Аргумент, который привела Маша, вероятно, был настолько весом, что больше никто никаких вопросов не задавал. В таз полетела мокрая одежда, а хозяйка к ногам гостей набросала тряпок, чтобы ликвидировать лужу. Когда Маша подняла голову, то увидела мужчин, стоящих в одних трусах и ждущих следующей команды.
Последним в процедуре раздевания был Василий. Он стащил с себя майку, бросил её в таз и начал стягивать трусы.
— Трусы можно не снимать, — послышался строгий голос хозяйки.
Где-то рядом хихикнул один детский голос, затем добавился другой, к ним присоединился мужской хохот, и вскоре вся комната содрогалась от гомерического смеха девяти человек.
Смех так разогрел голые тела, что от них повалил пар, наполняя комнату своеобразным банным запахом.
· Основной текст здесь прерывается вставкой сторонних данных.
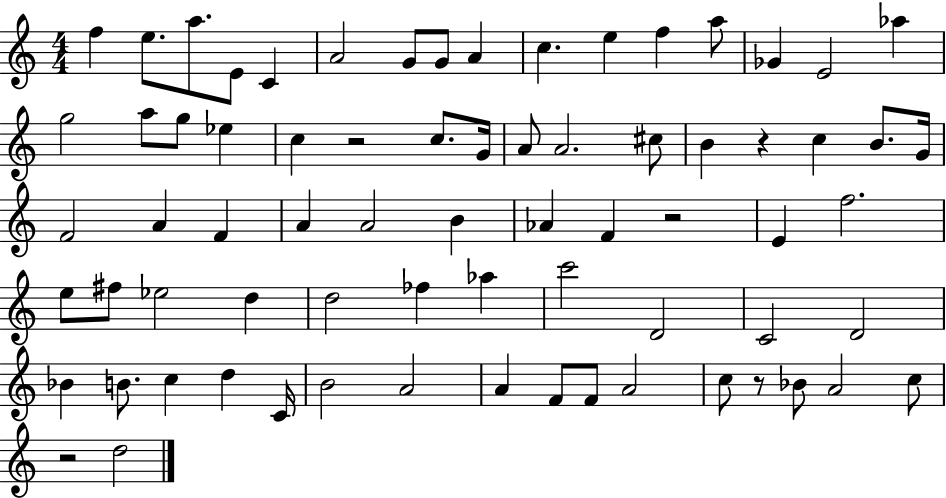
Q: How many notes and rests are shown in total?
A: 72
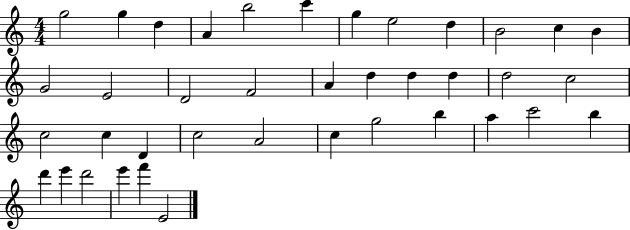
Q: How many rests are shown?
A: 0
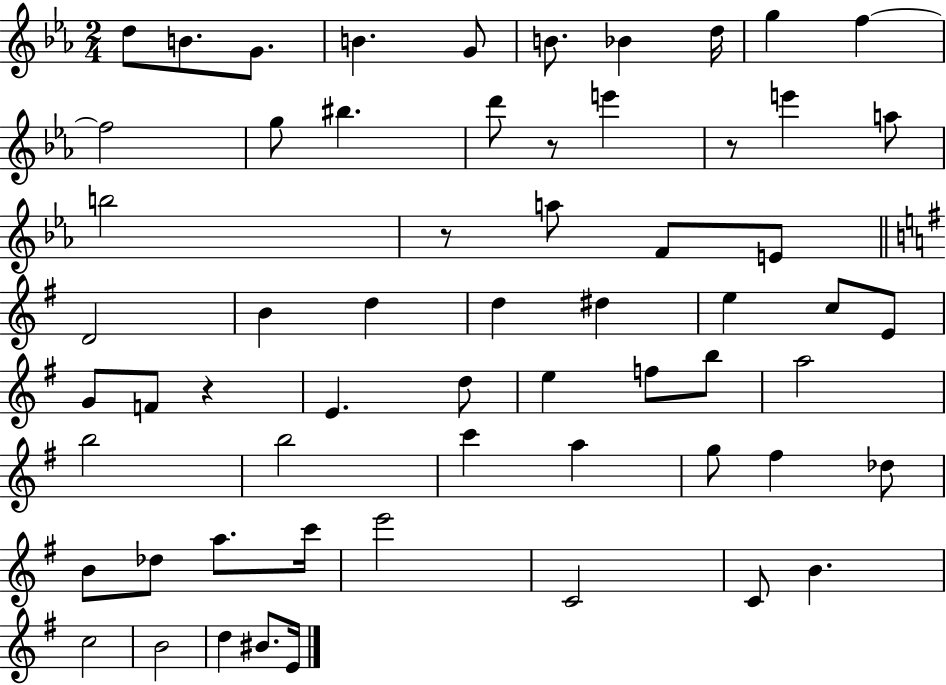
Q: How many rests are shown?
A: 4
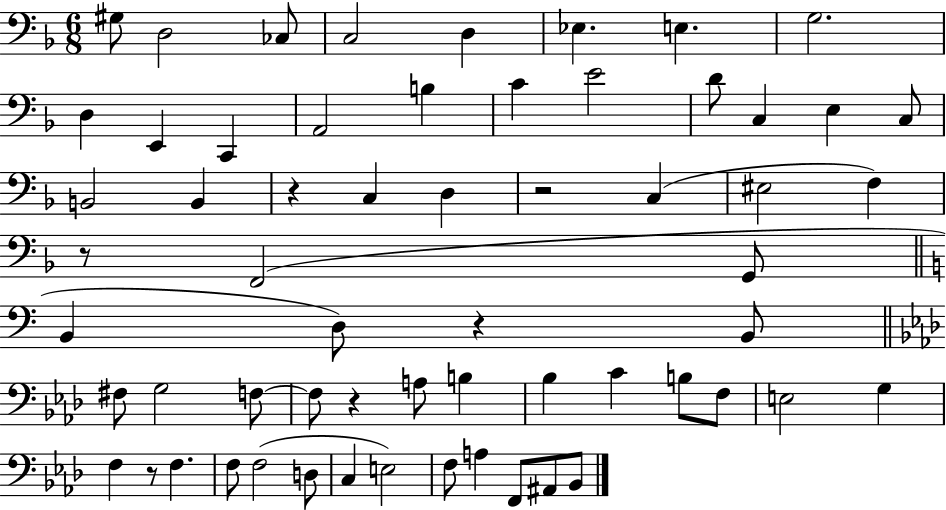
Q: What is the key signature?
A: F major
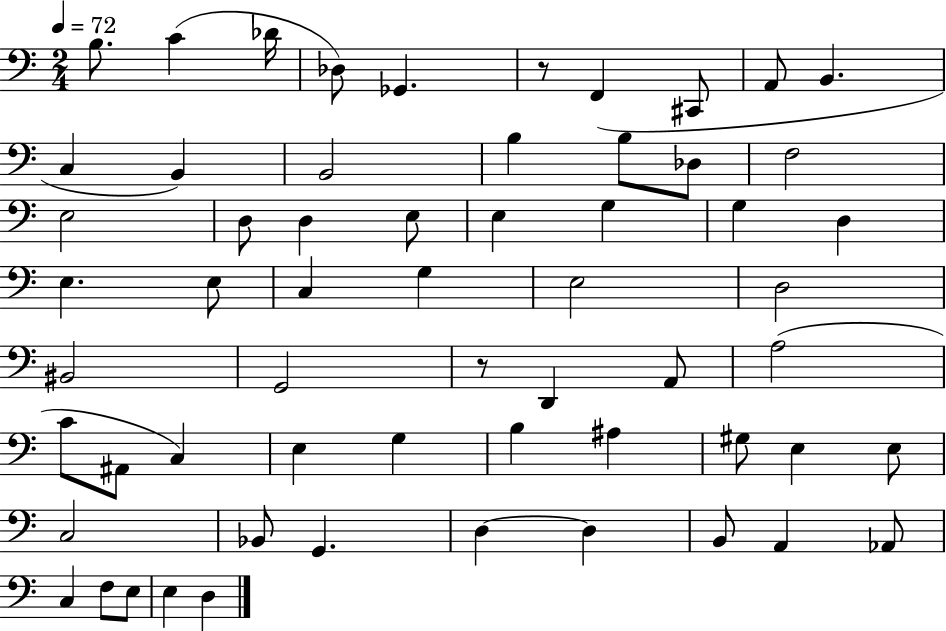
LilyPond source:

— А вы чего ржете, как жеребцы? А ну, быстро в ванную! Заболеть хотите? Смыться, растереться до красна полотенцем и назад, согреваться будете, — прозвучала команда хозяйки, обращённая к мальчишкам.
Те, как пули, вылетели из комнаты.
— Я сейчас бельё приготовлю сухое, после мальчишек вы пойдёте по-очереди. А пока надо согреться изнутри. Мы ведь тоже заболеть можем.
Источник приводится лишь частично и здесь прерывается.